SOURCE INFORMATION: Begin

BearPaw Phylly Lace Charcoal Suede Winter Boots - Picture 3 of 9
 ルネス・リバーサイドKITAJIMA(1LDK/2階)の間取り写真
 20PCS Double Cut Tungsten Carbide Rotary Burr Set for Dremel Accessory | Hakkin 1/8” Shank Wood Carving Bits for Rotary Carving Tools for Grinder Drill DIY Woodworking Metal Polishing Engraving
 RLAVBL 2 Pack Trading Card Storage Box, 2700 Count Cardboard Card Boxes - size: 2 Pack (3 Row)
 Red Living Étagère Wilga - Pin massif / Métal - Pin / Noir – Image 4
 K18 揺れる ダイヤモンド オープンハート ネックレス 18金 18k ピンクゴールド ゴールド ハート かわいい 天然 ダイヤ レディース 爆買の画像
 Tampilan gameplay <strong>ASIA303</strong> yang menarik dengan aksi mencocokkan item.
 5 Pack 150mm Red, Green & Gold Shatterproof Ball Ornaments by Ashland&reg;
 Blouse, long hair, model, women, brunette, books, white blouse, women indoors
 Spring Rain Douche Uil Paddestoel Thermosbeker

SOURCE INFORMATION: End

◆ TASK INSTRUCTIONS
Transcribe all entries exactly as they appear above.

◆ SOLVED EXERCISE
BearPaw Phylly Lace Charcoal Suede Winter Boots - Picture 3 of 9
 ルネス・リバーサイドKITAJIMA(1LDK/2階)の間取り写真
 20PCS Double Cut Tungsten Carbide Rotary Burr Set for Dremel Accessory | Hakkin 1/8” Shank Wood Carving Bits for Rotary Carving Tools for Grinder Drill DIY Woodworking Metal Polishing Engraving
 RLAVBL 2 Pack Trading Card Storage Box, 2700 Count Cardboard Card Boxes - size: 2 Pack (3 Row)
 Red Living Étagère Wilga - Pin massif / Métal - Pin / Noir – Image 4
 K18 揺れる ダイヤモンド オープンハート ネックレス 18金 18k ピンクゴールド ゴールド ハート かわいい 天然 ダイヤ レディース 爆買の画像
 Tampilan gameplay <strong>ASIA303</strong> yang menarik dengan aksi mencocokkan item.
 5 Pack 150mm Red, Green & Gold Shatterproof Ball Ornaments by Ashland&reg;
 Blouse, long hair, model, women, brunette, books, white blouse, women indoors
 Spring Rain Douche Uil Paddestoel Thermosbeker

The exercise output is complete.